Your objective: Copy exactly every line below, from the first through the one that contains "Lucca Dark Grey", and skip all pictures.

The data:
——

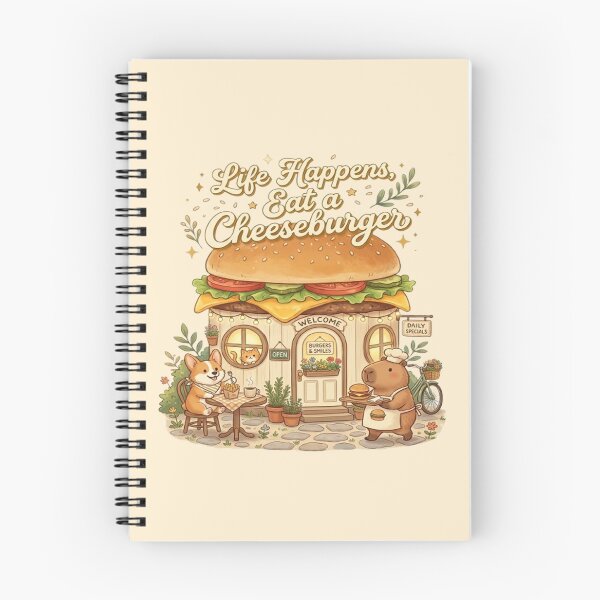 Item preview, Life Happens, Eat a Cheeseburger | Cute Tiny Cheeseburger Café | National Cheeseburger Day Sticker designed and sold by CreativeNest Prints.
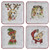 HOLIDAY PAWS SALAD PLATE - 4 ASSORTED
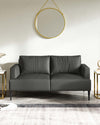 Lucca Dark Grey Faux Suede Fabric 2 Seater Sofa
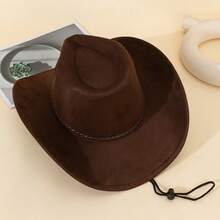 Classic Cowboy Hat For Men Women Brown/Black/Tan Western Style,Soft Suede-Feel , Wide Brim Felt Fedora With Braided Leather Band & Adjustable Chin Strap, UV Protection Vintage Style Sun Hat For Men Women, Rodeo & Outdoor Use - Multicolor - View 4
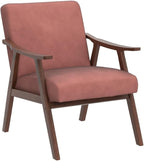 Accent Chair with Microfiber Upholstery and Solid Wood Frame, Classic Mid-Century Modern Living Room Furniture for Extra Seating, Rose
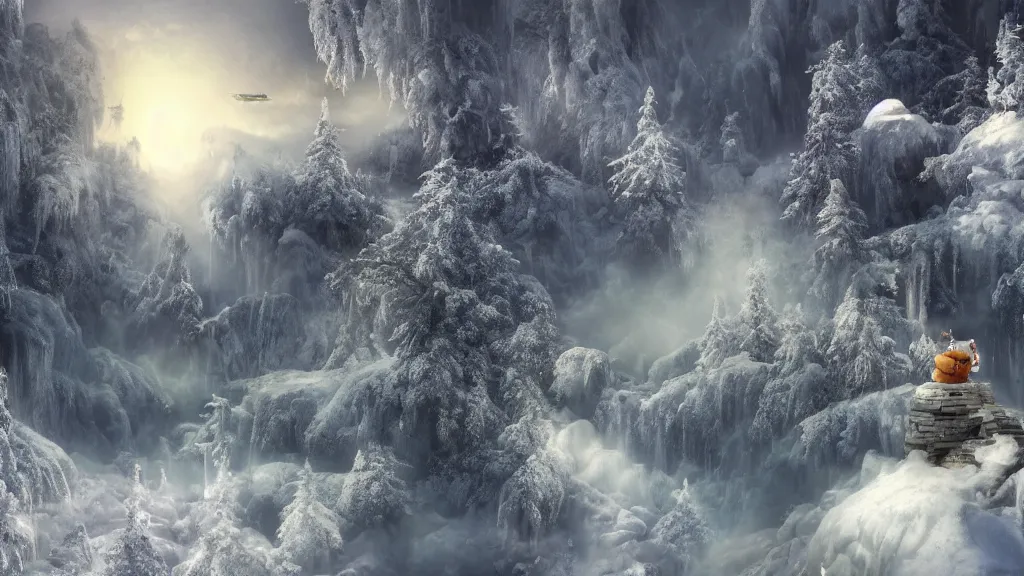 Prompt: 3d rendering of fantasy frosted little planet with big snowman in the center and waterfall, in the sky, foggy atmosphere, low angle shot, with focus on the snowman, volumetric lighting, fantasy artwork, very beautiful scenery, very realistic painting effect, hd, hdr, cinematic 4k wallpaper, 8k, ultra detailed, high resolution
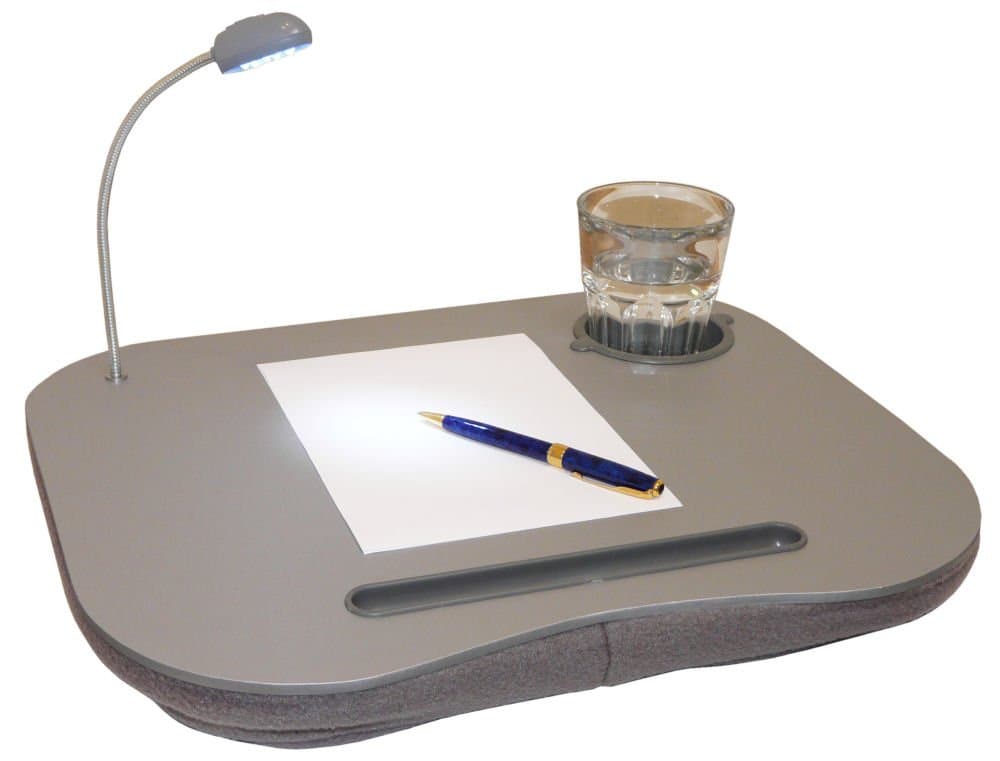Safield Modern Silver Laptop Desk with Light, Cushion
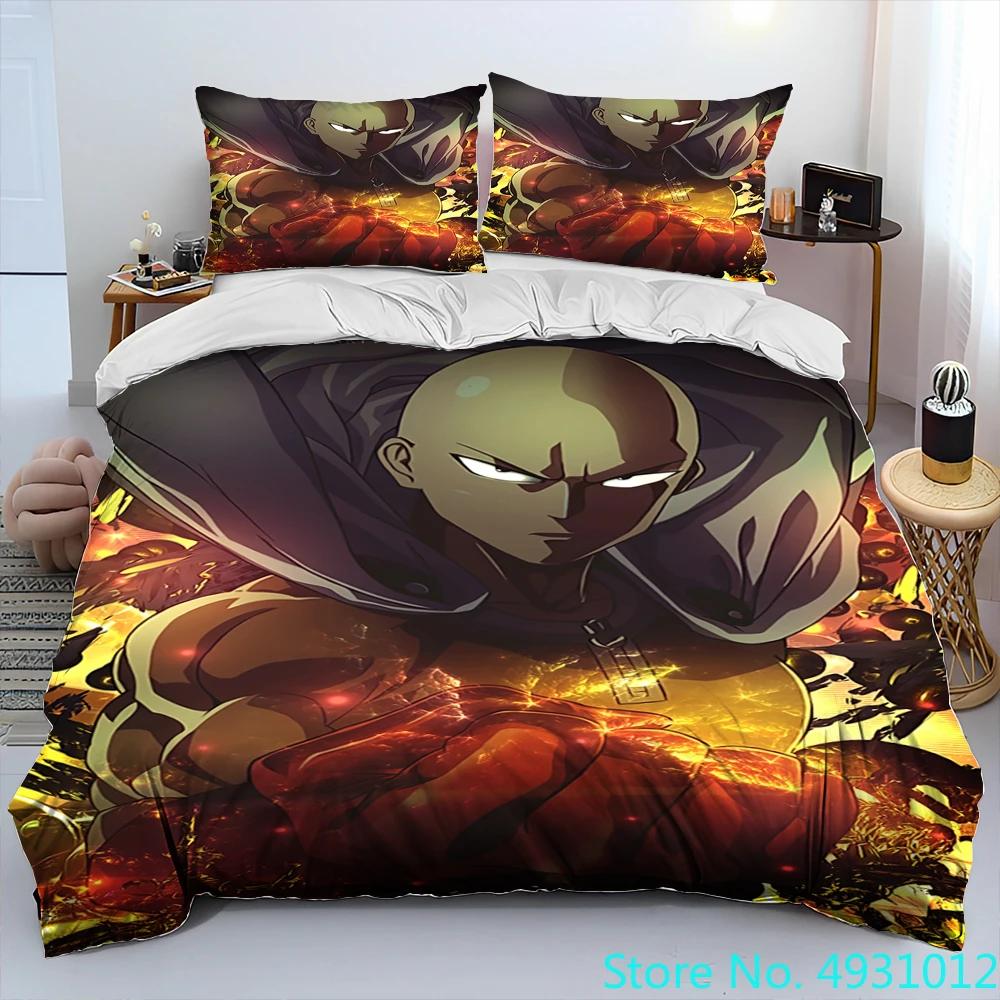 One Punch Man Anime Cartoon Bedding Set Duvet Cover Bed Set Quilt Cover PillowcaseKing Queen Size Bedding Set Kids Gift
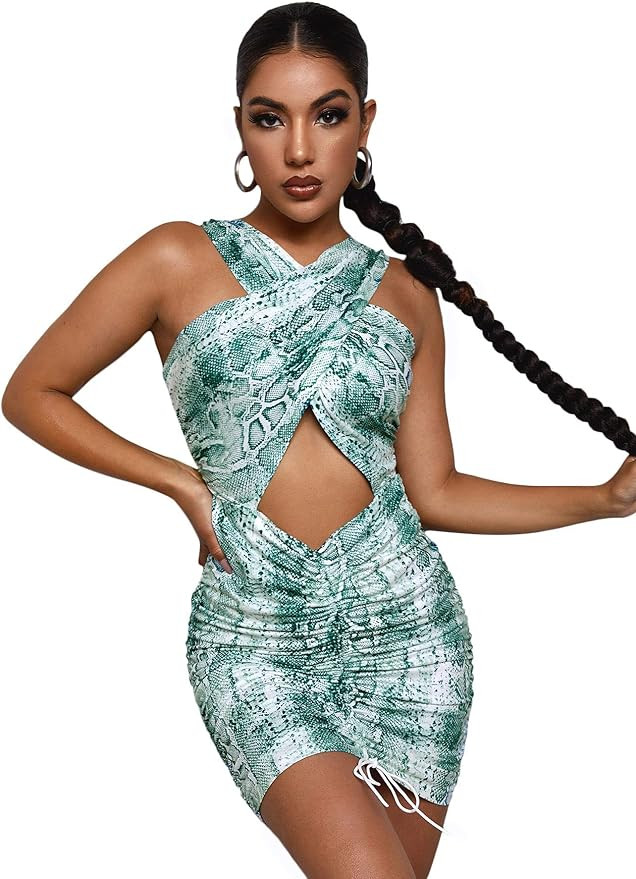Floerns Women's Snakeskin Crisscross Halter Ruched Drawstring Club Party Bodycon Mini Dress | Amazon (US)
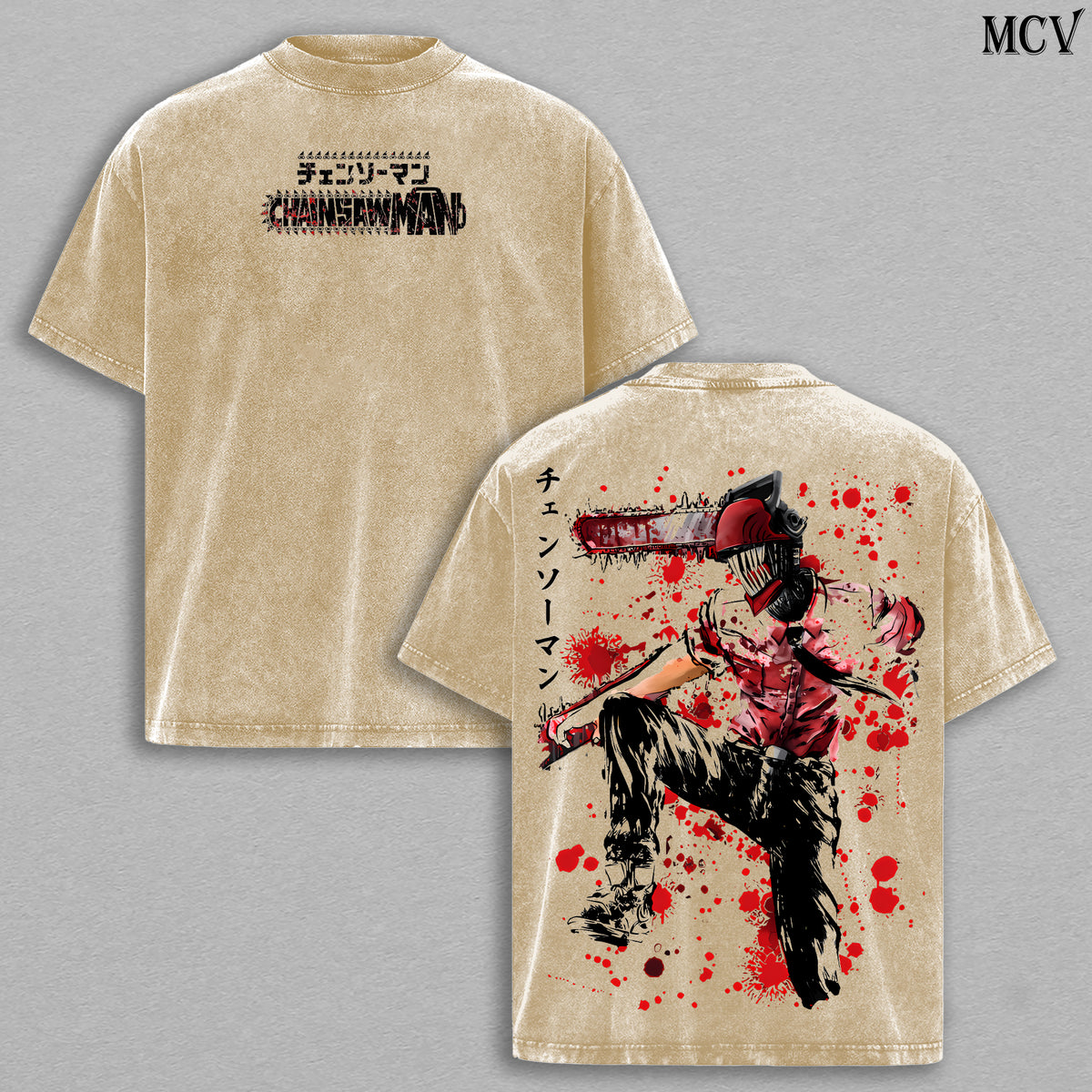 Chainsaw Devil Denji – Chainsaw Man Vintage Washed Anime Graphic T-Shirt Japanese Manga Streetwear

——

Task solution:
 Item preview, Life Happens, Eat a Cheeseburger | Cute Tiny Cheeseburger Café | National Cheeseburger Day Sticker designed and sold by CreativeNest Prints.
 HOLIDAY PAWS SALAD PLATE - 4 ASSORTED
 Lucca Dark Grey Faux Suede Fabric 2 Seater Sofa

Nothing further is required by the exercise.